Unlike self-supervised methods that directly compare the representations, PAWS uses a random subsample of labeled images to assign a (soft) pseudo-label to the unlabeled views. The pseudo-labels are obtained by comparing the representations of the unlabeled views with representations of labeled support samples, and then the model is updated by minimizing a standard classification loss, like cross-entropy, between the pseudo-labels of pairs of views of the same unlabeled image. Since it does not directly optimize prediction accuracy on the labeled samples, PAWS is much less prone to overfitting than other semi-supervised approaches. At the same time, by leveraging a small amount of labeled data in this way, PAWS trains significantly faster than typical self-supervised methods. Furthermore, in PAWS we form predictions for the positive and anchor view in slightly different ways, sharpening the target prediction, and as a consequence, PAWS is guaranteed to not learn “collapsing representations,” where all images get mapped to the same representation — a common issue for self-supervised methods.

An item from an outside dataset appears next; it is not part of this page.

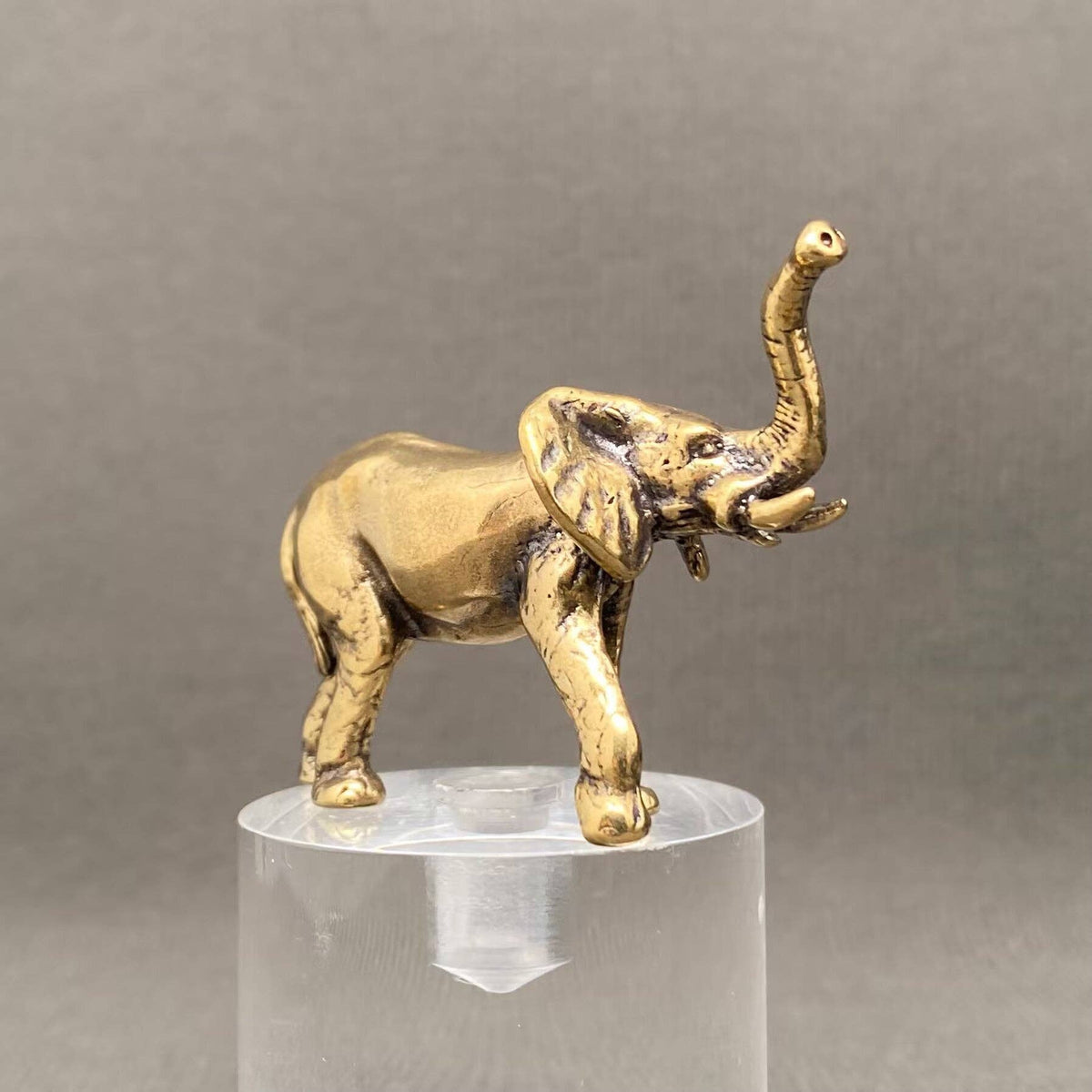 Brass Elephant Figurine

The need for human annotation is usually a bottleneck in the development of computer vision systems. By making our approaches more annotation-efficient, we allow models to be applied to a larger set of tasks and potentially scale the number of concepts they can recognize. Learning with limited supervision is also important for domains where there are few annotated images, like in medical imaging.
We hope that reducing the computation requirements of self-supervised and semi-supervised approaches will increase their adoption and stimulate further research in this area. In the spirit of collaboration and open science, we are publishing our work, and the associated source-code will be released.